Haider Jraidan is executive creative director at BPG Group and business head – Iraq
“When my son was in kindergarten, he went on a school trip to the Sharjah Zoo. His nice Lebanese teacher asked him: “Koki, are you mabsoot?” My little boy was taken aback and replied: “No, miss… why would I be mabsoot?! I didn’t do anything to be mabsoot?”
The teacher did not understand my son’s reaction. Mabsoot in most colloquial Arabic dialects means ‘Are you en-joying yourself?’ But being Iraqi, my son was surprised by the question. To him mabsoot means ‘beaten up’, which gave the teacher’s innocent question a whole new meaning. Although they were both Arabs, speaking the same language, and had many things in common, their unique nationalities set them apart.

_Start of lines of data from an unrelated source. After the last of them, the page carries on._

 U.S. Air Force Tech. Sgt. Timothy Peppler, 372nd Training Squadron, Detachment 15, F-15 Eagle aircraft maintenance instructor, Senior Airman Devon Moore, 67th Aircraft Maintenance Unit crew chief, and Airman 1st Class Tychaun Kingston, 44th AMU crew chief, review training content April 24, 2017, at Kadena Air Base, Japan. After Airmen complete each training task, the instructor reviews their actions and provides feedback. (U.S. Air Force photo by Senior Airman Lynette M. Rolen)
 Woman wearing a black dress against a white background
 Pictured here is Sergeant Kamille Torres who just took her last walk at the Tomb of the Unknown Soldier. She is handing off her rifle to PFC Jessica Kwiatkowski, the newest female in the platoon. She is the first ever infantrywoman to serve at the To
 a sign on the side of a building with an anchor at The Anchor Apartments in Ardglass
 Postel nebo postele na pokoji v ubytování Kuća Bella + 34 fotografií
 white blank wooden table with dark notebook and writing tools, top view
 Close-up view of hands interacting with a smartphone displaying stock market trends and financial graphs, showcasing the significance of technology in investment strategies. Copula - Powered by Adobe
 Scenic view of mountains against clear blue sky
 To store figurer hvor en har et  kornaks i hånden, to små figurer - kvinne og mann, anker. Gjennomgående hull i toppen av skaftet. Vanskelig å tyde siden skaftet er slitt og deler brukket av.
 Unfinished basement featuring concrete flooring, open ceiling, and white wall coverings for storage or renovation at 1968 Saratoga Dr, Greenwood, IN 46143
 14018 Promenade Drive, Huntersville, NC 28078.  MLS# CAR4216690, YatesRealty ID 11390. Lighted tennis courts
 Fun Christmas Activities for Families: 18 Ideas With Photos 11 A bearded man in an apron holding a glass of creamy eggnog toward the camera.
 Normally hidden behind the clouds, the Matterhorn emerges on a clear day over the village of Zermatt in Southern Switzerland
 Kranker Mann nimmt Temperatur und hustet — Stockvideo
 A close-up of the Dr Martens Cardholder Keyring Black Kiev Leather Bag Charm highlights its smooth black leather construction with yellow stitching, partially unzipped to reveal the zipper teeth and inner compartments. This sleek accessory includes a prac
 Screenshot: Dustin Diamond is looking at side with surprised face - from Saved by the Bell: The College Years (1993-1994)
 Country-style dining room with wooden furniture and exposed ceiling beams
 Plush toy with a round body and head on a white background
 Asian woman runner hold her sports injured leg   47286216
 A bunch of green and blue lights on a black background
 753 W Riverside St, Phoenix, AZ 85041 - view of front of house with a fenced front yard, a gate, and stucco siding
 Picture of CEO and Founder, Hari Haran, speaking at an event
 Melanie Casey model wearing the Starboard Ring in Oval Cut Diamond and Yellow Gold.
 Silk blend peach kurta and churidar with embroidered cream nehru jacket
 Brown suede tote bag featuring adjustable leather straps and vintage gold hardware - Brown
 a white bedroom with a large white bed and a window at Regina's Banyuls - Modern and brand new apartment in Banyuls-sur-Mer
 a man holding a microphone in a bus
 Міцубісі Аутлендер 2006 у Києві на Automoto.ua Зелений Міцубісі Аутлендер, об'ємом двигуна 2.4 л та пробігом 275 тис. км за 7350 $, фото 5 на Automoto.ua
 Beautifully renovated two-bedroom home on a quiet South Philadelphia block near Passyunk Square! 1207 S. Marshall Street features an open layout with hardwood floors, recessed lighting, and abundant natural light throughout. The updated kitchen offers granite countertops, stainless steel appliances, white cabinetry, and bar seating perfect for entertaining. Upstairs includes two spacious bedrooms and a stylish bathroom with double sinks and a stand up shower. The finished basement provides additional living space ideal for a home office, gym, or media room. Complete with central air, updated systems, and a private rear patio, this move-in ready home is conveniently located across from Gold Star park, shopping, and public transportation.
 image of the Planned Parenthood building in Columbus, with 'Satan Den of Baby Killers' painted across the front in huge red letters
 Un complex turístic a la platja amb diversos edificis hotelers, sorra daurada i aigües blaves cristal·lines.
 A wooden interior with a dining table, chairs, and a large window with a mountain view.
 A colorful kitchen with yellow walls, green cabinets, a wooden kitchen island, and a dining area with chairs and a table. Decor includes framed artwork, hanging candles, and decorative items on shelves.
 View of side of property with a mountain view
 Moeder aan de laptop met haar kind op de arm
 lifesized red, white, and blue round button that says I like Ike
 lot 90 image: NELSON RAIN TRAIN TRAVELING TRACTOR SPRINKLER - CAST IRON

If you are an Arab working in the comms business, a common expectation is to “Arabise the content”, or simply add a dimension that’s relevant to the local Arab audience, no matter the category. Most ad professionals in the region have a tourist’s knowledge of the cultural nuances of each country – the different dialects, food, rituals etc. This leads to a lot of generalisation (even among Arab colleagues) and the result is a pan-Arab campaign sold with the promise of the universality of the ‘big idea’.
Iraq is one of the victims. Many advertisers see Iraq as an Arab country similar to Saudi Arabia or Egypt. While that is true to a certain extent, each has its own peculiarities. Moreover, the upheaval in Iraq during the past three decades and its impact on its citizens is significant.
Iraq is a country moving out of a socio-economic recession. It has a population of over 30 million with a GDP of $131 billion and rising. It is the fourth most populous country in the Middle East and one of the richest. The country’s oil output is over three million barrels a day, with a long-term goal of 12 million barrels.
In the near future, Iraq is expected to be the world’s biggest source of new oil supplies. This will dramatically improve Iraq’s state finances. The International Monetary Fund expects annual oil exports to almost double to $139 billion by 2016, converting last year’s estimated budget deficit of 8.7 per cent of GDP to a surplus of 18 per cent four years from today.
Iraq is significantly different from other regional markets and increasingly lucrative for brands to commission tailor-made campaigns. At present, most work for Iraq is developed out of regional offices in Dubai and Beirut without context or insight. Add the ever-ready answer “Don’t worry. Iraq is covered by the spillover” and it’s a recipe for disaster.
Well, I only have one thing to say: “Congratulations, you’re going to get Mabsoot.”